ENTRIES SHOWN: Begin

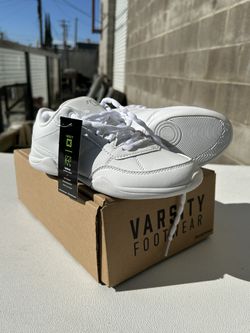 Varsity C3 Cheerleading Shoes White Youth Sz 4 Varsity Footwear Cheer Shoes New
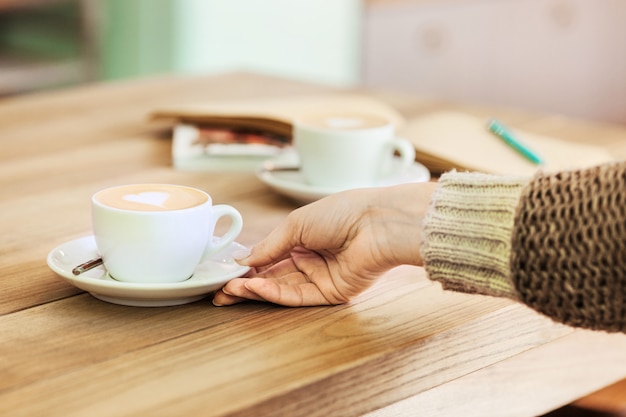 コーヒーハウスのカウンターの上のコーヒーのテーブルセッティング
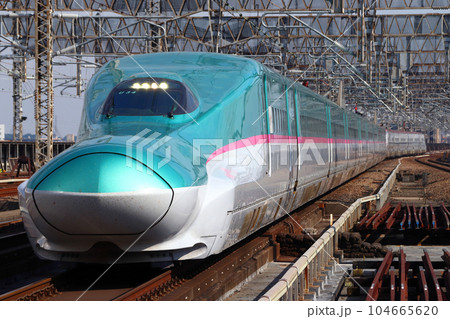 東北新幹線E5系（秋田新幹線E6系併結） 104665620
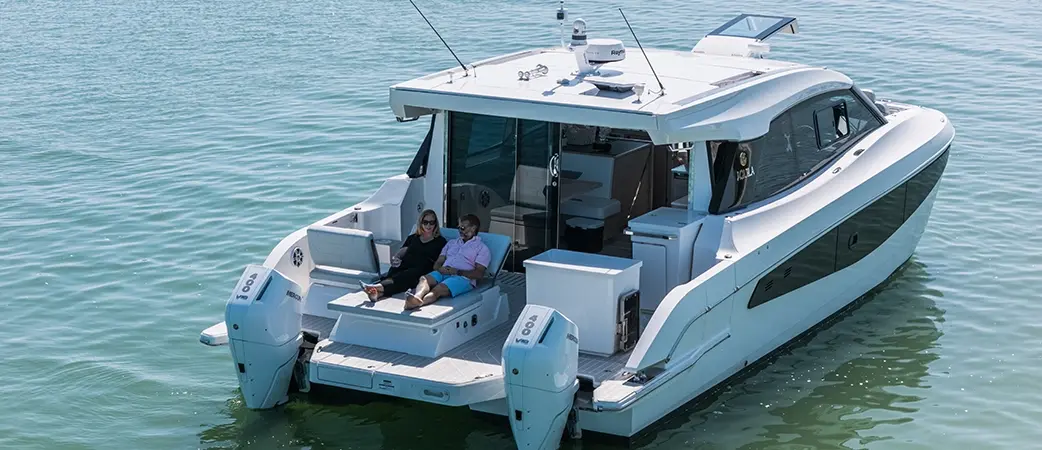 Poupe de l’Aquila 42 Coupe avec sa plateforme de bain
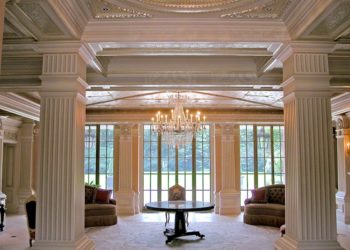 Чем выделяется античный стиль и его применение в интерьере?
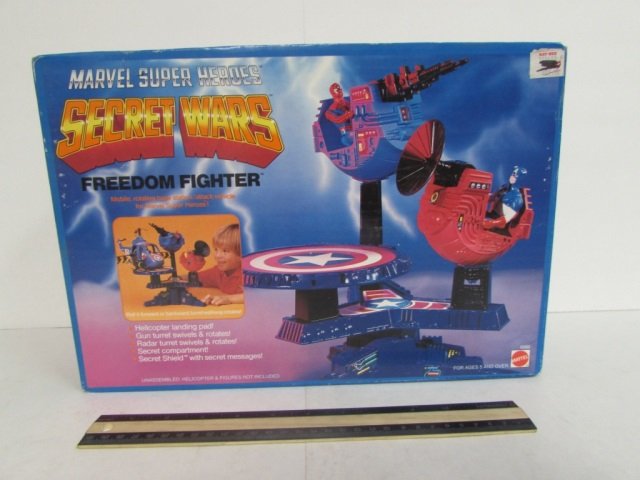 1984 SECRET WARS FREEDOM FIGHTER ORIGINAL PACKAGING,: ORIGINAL PACKAGING, MOBILE, ROTATING BASE STATION, ATTACK VEHICLE FOR MARVEL SUPER HEROEES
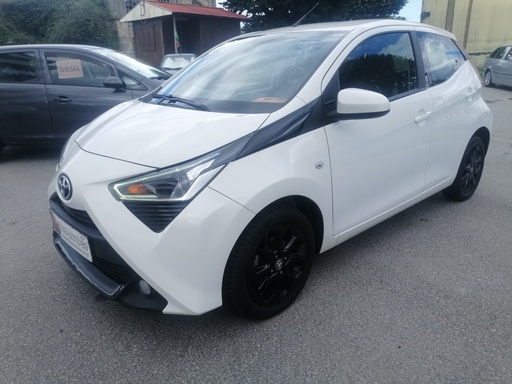 [cardona0003] TOYOTA AYGO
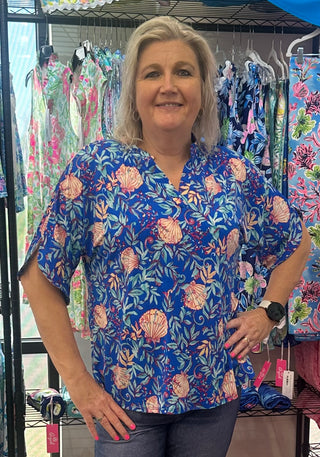 Your favorite Lizzy style, elevated. The Lizzy Breeze Blouse brings together the wrinkle-free fabric and relaxed fit you already love, now with a subtly flared sleeve that adds just the right touch of breezy elegance for any occasion.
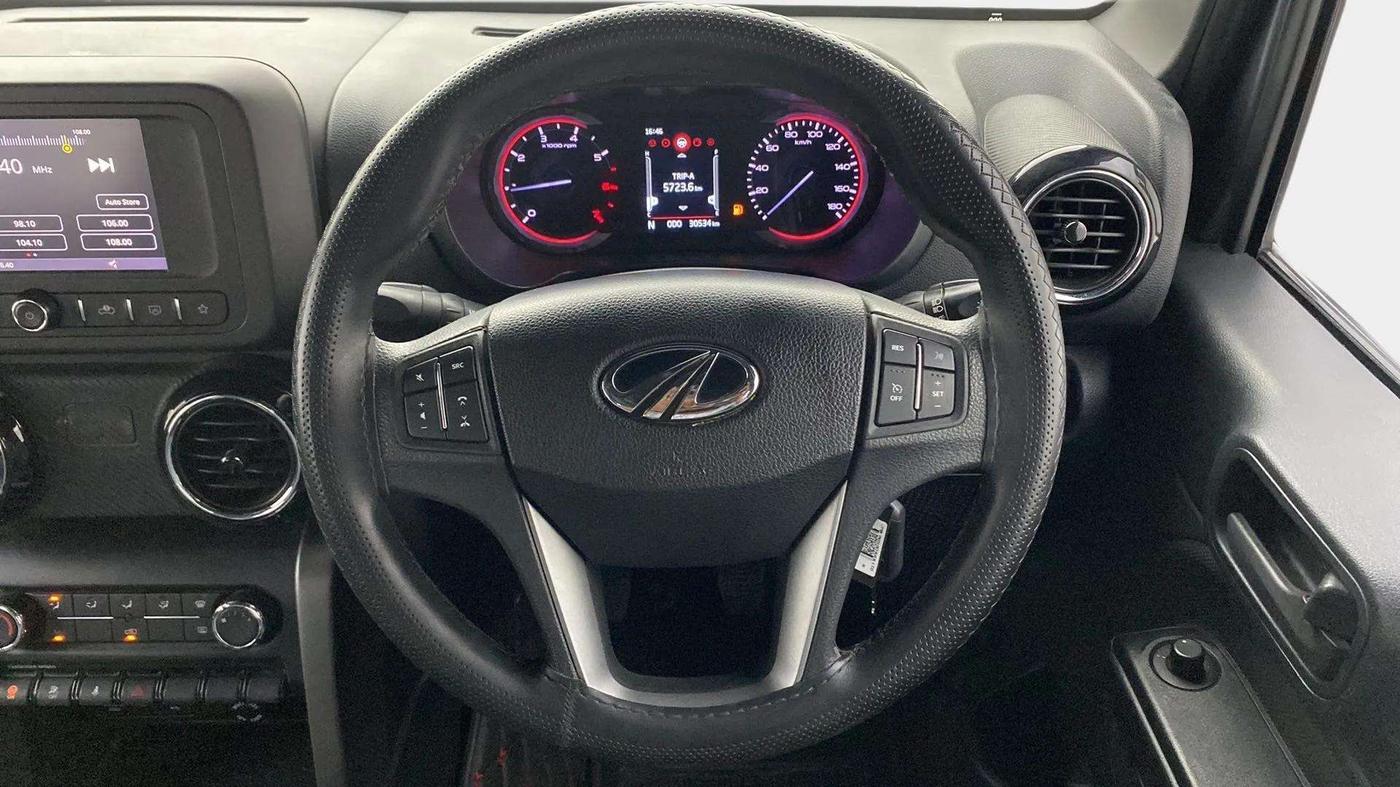2021 Mahindra Thar LX HT PETROL 4WD MT, Petrol, Manual, 30,534 km, Steering Wheel Close Up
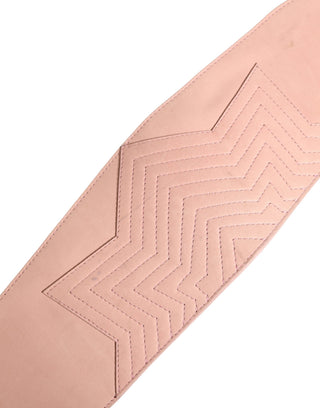 Cinturón ancho rosa claro de cuero con hebilla redonda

ENTRIES SHOWN: End

> DIRECTIONS
Once the pictures are removed, set down what remains of the entries above exactly.

> RESULT OF THE EXERCISE
 Varsity C3 Cheerleading Shoes White Youth Sz 4 Varsity Footwear Cheer Shoes New
 コーヒーハウスのカウンターの上のコーヒーのテーブルセッティング
 東北新幹線E5系（秋田新幹線E6系併結） 104665620
 Poupe de l’Aquila 42 Coupe avec sa plateforme de bain
 Чем выделяется античный стиль и его применение в интерьере?
 1984 SECRET WARS FREEDOM FIGHTER ORIGINAL PACKAGING,: ORIGINAL PACKAGING, MOBILE, ROTATING BASE STATION, ATTACK VEHICLE FOR MARVEL SUPER HEROEES
 [cardona0003] TOYOTA AYGO
 Your favorite Lizzy style, elevated. The Lizzy Breeze Blouse brings together the wrinkle-free fabric and relaxed fit you already love, now with a subtly flared sleeve that adds just the right touch of breezy elegance for any occasion.
2021 Mahindra Thar LX HT PETROL 4WD MT, Petrol, Manual, 30,534 km, Steering Wheel Close Up
 Cinturón ancho rosa claro de cuero con hebilla redonda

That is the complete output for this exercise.